* **INSTRUCTIONS FOR THE TASK**
Transcribe the entries below word for word, beginning at the line with "Roxy Plecak C-ROXY-KL-003-08" and stopping after the line with "Imagem 4: Casa"; drop all pictures.

* **SOURCE MATERIAL**
* * * *

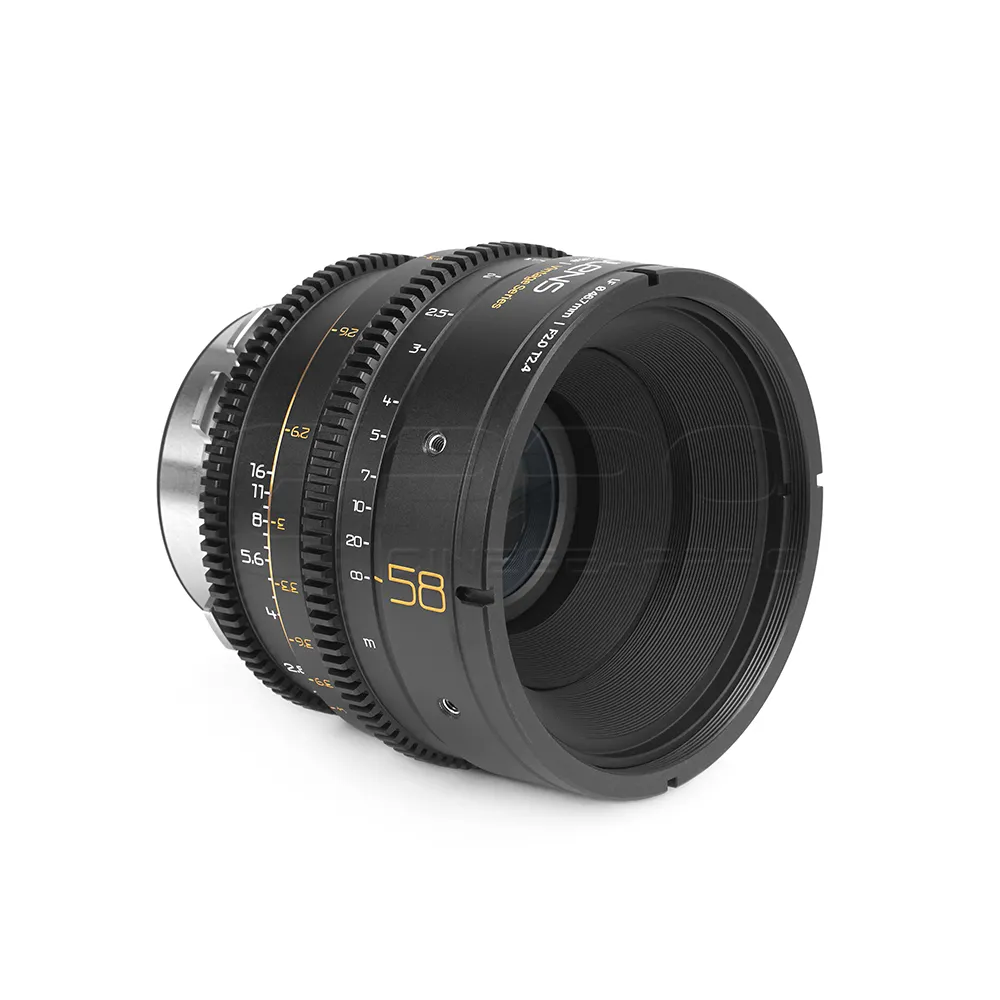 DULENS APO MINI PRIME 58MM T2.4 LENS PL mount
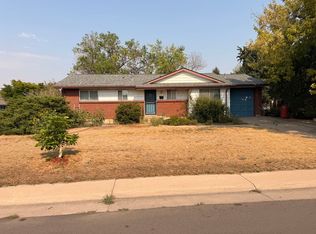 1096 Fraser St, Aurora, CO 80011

* * * *

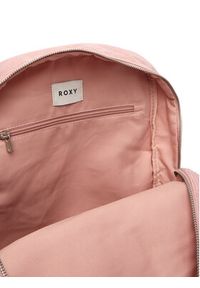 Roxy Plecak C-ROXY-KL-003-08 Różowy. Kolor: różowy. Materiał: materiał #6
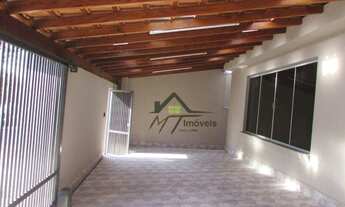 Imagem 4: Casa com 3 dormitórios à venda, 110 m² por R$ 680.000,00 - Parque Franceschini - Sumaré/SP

* * * *

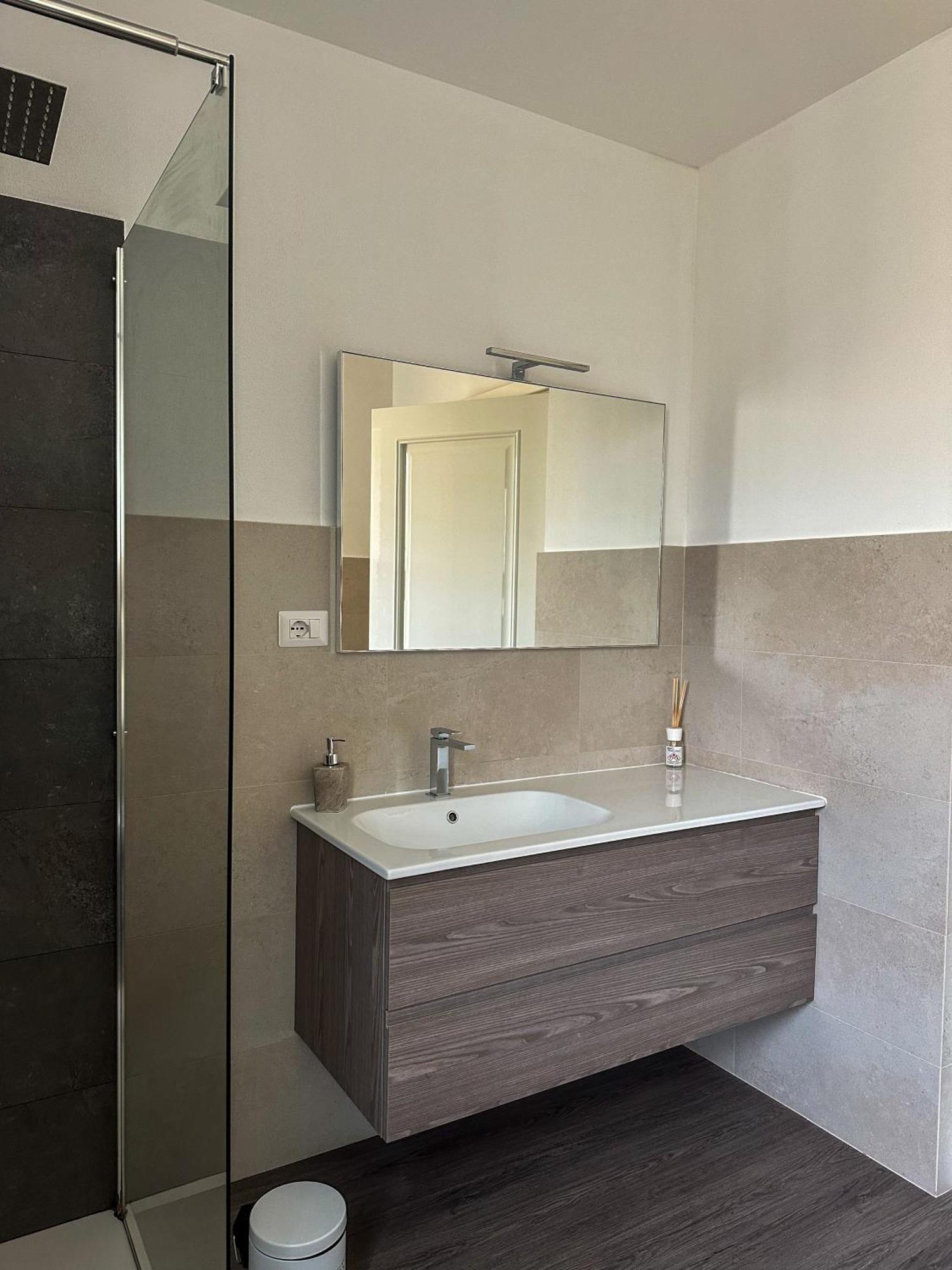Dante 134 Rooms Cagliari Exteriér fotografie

* * * *

* **EXERCISE RESULT**
 Roxy Plecak C-ROXY-KL-003-08 Różowy. Kolor: różowy. Materiał: materiał #6
 Imagem 4: Casa com 3 dormitórios à venda, 110 m² por R$ 680.000,00 - Parque Franceschini - Sumaré/SP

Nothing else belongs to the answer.